Desempenho chave
Especificações técnicas
Motor
- Cilindrada
- 998 cc
- Potência
- 172.0 ch @ 12500 tr/min (126.5 kW)
- Torque
- 106.9 Nm @ 10500 tr/min
- Tipo de motor
- 4 cylindres en ligne, 4 temps
- Arrefecimento
- liquide
- Taxa de compressão
- 12,1:1
- Diâmetro × curso
- 77 x 53.6 mm
- Válvulas/cilindro
- 5
- Eixos de cames
- 2 ACT
- Sistema de combustível
- injection
Chassi
- Chassi
- deltabox V double poutre en alu
- Câmbio
- boîte à 6 rapports
- Transmissão final
- Chaîne
- Suspensão dianteira
- Fourche téléhydraulique inversée Ø 43 mm, déb : 120 mm
- Suspensão traseira
- Mono-amortisseur, déb : 130 mm
Freios
- Freio dianteiro
- Freinage 2 disques Ø 320 mm, fixation radiale, étrier 4 pistons
- Freio traseiro
- Freinage 1 disque Ø 220 mm, étrier simple piston
- Pneu dianteiro
- 120/70-17
- Pneu traseiro
- 190/50-17
Dimensões
- Altura do assento
- 835.00 mm
- Tanque
- 18.00 L
- Peso a seco
- 172.00 kg
- Preço novo
- 13 565 €
Apresentação
Lembre-se daquela sensação, em 2005, quando esta Yamaha YZF-R1 1000 surgiu nas páginas das revistas. Era como se alguém tivesse reescrito as regras do jogo sem avisar ninguém. A concorrência, confortavelmente instalada, teve que se limpar a garganta. Aqui, não se trata de uma simples evolução, mas de uma reformulação completa, nervosa e ambiciosa. O motor, um quatro cilindros em linha de 998 cc, é o coração pulsante e a prova mais evidente. Com 172 cavalos liberados a 12.500 rotações, ele impulsiona uma máquina anunciada a 172 kg em seco. Faça as contas: estamos próximos da relação de um cavalo por quilo, uma loucura para a época que tornava obsoletas muitas referências.

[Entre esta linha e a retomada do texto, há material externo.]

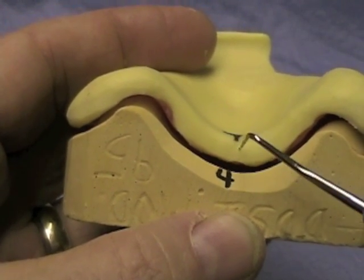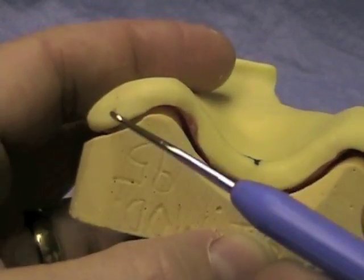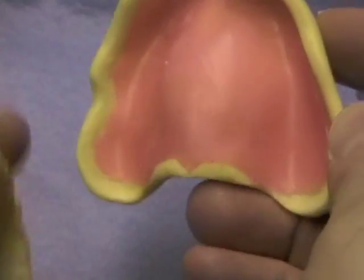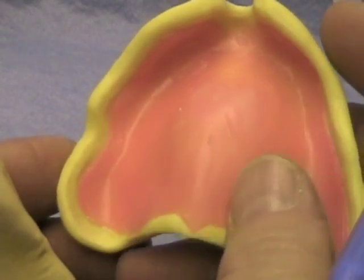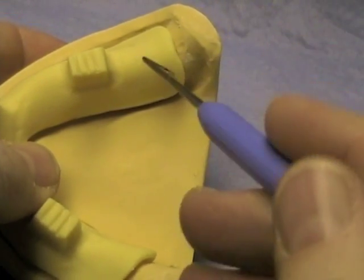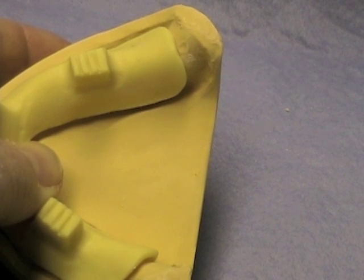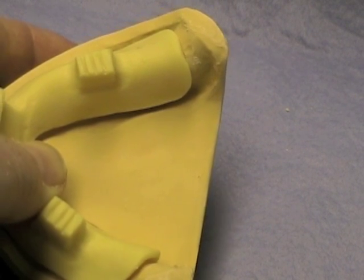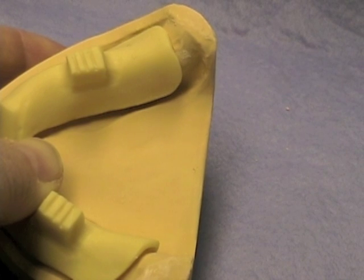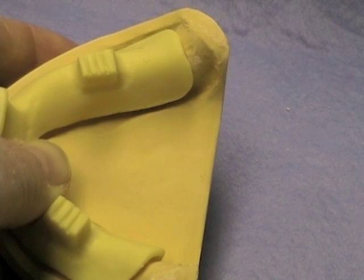This tray is too thick. The back edge is going to cause the patient to gag, and because the flanges are so thick, they will distort or pull out the vestibule as well. This tray is short of the retromolar pads — that's not going to work. You'll need to make a new tray or make an addition. Trying to add compound to the back of the tray is going to be extremely difficult; you'd be better off extending the tray with some acrylic.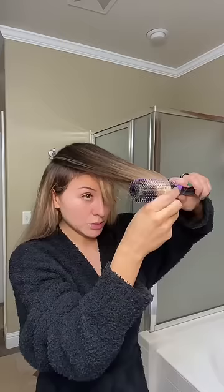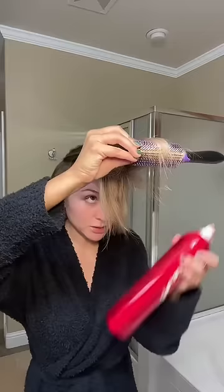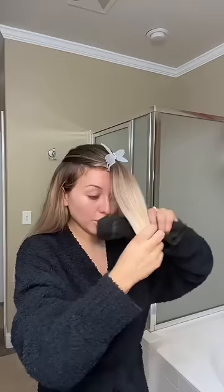I'm going in with this little round brush to kind of just round it and add a hairspray, so that way it holds onto a bend. The curve is obviously not going to be as strong as if we would have heat styled it.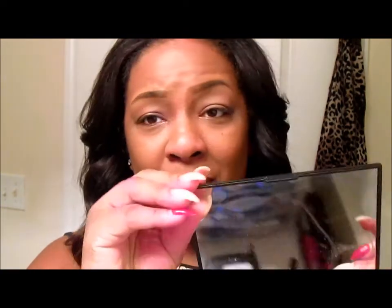I just used my ELF eyeshadow primer — this is the blush color. And that's really it for the base. The palette I used was the Coastal Scents Fall Festival palette. I don't know why, but lately I've been in love with this palette.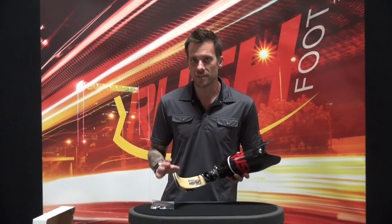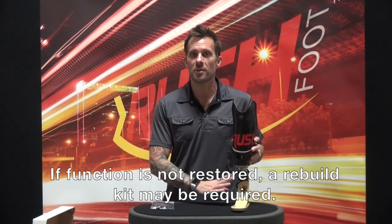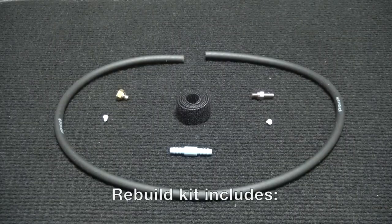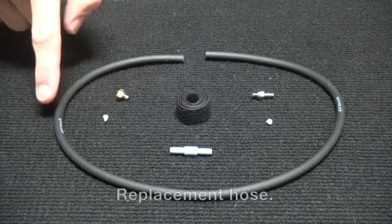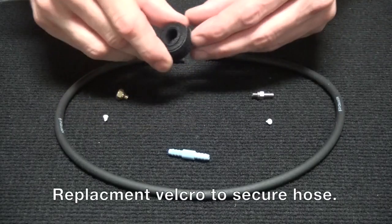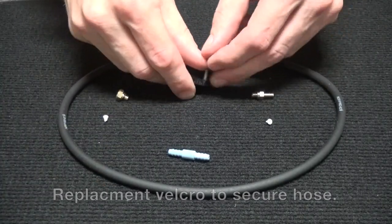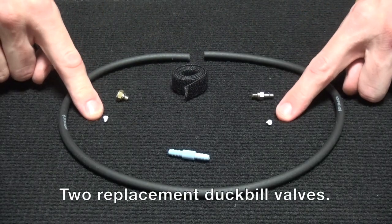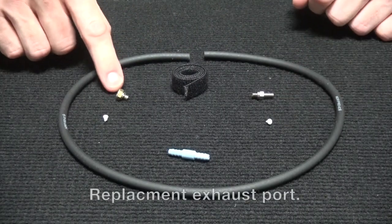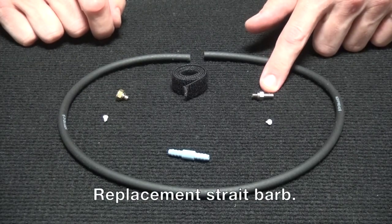After you've finished the cleaning procedures and reassembled the device, your vacuum pump should now be working efficiently. If it's not, please keep in mind that we do offer a rebuild kit so that you can replace some of the pieces. The rebuild kit includes a new section of hose, a new inline filter, a section of velcro to strap the hose to the foot pylon, two replacement duckbill valves, one replacement exhaust port, and one replacement straight barb.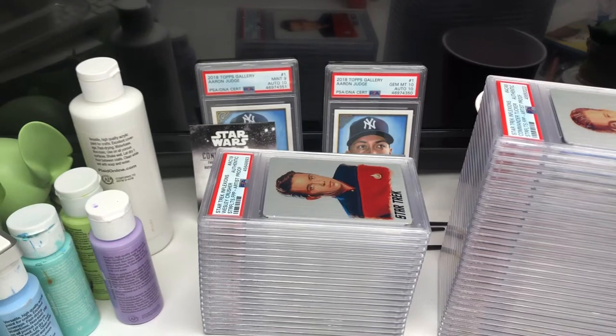Hello everyone, thanks for tuning in. Today I thought I'd share with you some Star Trek cards I sent off to PSA to get encased.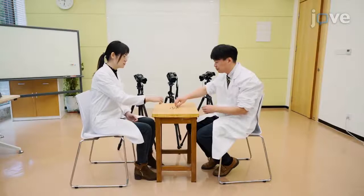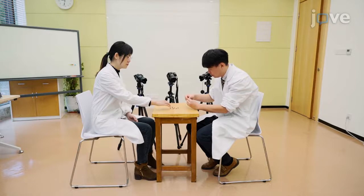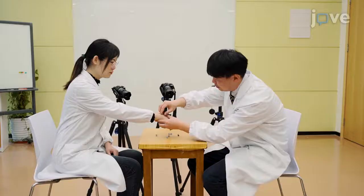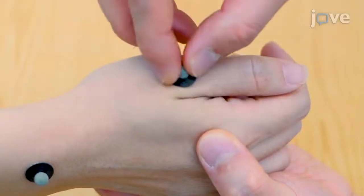To begin, take seven reflective balls with a diameter of 6.5 mm for attachment on the participant's holding needle hand. Attach one ball on the midpoint of the ulna and radial styloid, defined as tracking point: wrist joint. Attach one ball at the metacarpophalangeal joint, defined as tracking point: thumb base joint.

O que impressiona, além dos números puros, é a filosofia por trás desta mecânica. A Yamaha arriscou criar um caráter. Enquanto algumas concorrentes, como a Suzuki GSX-R 1000 da época, privilegiavam um torque monstruoso desde as rotações médias, a R1 interpreta uma partitura mais sutil. Ela é voluntária, certamente, mas reserva seu verdadeiro delírio para a parte alta da faixa de rotação, onde o som se torna estridente e o empurrão hipnótico. É uma potência que se conquista, mais progressiva do que a da Kawasaki ZX-10R, mas igualmente devastadora uma vez lançada. Para o piloto, isso se traduz em uma confiança aumentada, uma sensação de controle mesmo quando a paisagem começa a passar a quase 300 km/h.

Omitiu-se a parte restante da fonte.